The contract will run for a year and sets out 89 days of studio time in the final months of 2014 and early next year. The deadline for bids is August 7.
NETFLIX IN PUSH FOR EUROPEAN MARKET
OUR counterparts on the continent better get used to sleep-deprivation; the freedom to binge-watch series like 'House of Cards' is about to break new ground. Netflix has announced plans to expand into six European countries this year, introducing its online TV and movie streaming service to the French, German and Swiss markets. It's pushing hard to expand overseas; despite the fact that Netflix is available in 40 countries, some 35.7m of its 48m customers come from home territory in the US. It's already available in the UK, the Netherlands, Denmark, Norway, Sweden and Finland as well as Ireland.

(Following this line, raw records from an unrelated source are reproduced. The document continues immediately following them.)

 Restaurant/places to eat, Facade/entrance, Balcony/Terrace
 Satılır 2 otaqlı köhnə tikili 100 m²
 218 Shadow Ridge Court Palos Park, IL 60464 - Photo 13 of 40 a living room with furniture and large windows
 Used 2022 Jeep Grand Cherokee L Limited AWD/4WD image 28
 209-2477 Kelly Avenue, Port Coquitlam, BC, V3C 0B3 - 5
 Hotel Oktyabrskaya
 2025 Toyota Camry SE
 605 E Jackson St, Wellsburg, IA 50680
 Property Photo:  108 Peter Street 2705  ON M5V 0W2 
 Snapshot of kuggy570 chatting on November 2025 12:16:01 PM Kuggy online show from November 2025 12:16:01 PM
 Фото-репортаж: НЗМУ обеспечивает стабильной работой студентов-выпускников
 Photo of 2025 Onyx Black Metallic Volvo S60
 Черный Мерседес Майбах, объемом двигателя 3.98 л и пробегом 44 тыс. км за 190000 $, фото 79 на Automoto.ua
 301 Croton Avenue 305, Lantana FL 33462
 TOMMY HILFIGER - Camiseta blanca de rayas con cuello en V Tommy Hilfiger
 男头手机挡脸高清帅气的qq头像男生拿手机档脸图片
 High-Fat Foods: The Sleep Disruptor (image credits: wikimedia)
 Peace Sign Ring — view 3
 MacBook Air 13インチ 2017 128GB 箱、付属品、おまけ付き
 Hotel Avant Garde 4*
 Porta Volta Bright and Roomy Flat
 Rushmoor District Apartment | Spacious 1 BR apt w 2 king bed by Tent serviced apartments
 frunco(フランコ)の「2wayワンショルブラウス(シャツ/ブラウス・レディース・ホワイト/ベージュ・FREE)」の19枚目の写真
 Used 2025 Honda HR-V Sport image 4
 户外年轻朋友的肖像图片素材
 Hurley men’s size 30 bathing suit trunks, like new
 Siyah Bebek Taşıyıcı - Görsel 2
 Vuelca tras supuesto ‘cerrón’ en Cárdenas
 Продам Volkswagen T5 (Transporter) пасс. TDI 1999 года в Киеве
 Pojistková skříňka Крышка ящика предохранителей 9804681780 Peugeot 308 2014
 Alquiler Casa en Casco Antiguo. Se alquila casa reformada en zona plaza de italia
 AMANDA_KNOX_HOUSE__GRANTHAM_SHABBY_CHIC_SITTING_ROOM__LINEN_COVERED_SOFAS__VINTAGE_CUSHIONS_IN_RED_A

The company, which created the popular 'House of Cards' TV show, will also enter Austria, Belgium and Luxembourg in late 2014, and will face different rules and competitors in each market. It won't have exclusive rights to its original show in all markets, as 'House of Cards' has already been broadcast in Germany. Netflix will also have to face complex rules in France, where a film cannot be streamed on a subscription video service until three years after its release.
Details on programming and pricing in each country have not yet been announced, although the service already varies from country to country in the European markets Netflix is already active in. In the UK it costs £5.99 a month while a subscription in the Netherlands costs €8.99 a month. New Irish subscribers currently pay €8 a month – but this is expected to rise to €9 later this summer.
The costs of launching in the new markets will keep Netflix's international unit at a loss, the firm said in a letter to shareholders in April.
TV CHEFS OUTSELL HARRY'S WIZARDS
HARRY Potter publisher Bloomsbury has swapped wizards for whisks as a schedule of cookery books based on television series drives a recovery in print sales.
The British independent publisher has launched a push into the cook book sector and has enjoyed strong sales from titles such as 'Masterchef: the Finalists' and 'Paul Hollywood's Pies and Puds' (by the co-presenter of BBC TV series 'The Great British Bake Off').
Broker Investec expects sales from adult print titles, which include cookery and fiction titles, to increase by 6pc for the year ending February, reversing last year's 7pc fall in sales.
When Bloomsbury publishes its latest full-year results on Tuesday, it is expected to report pre-tax profits up by more than a quarter. Analysts are forecasting a profit before tax of £12.4m, on sales of £107m.
Chief executive Nigel Newton is aiming to turn Bloomsbury into a publisher that is more balanced between adult, children's, academic and e-books.
The Harry Potter series brought Bloomsbury a cash windfall of about £100m during the 14 years from when it first hit the shelves in 1997.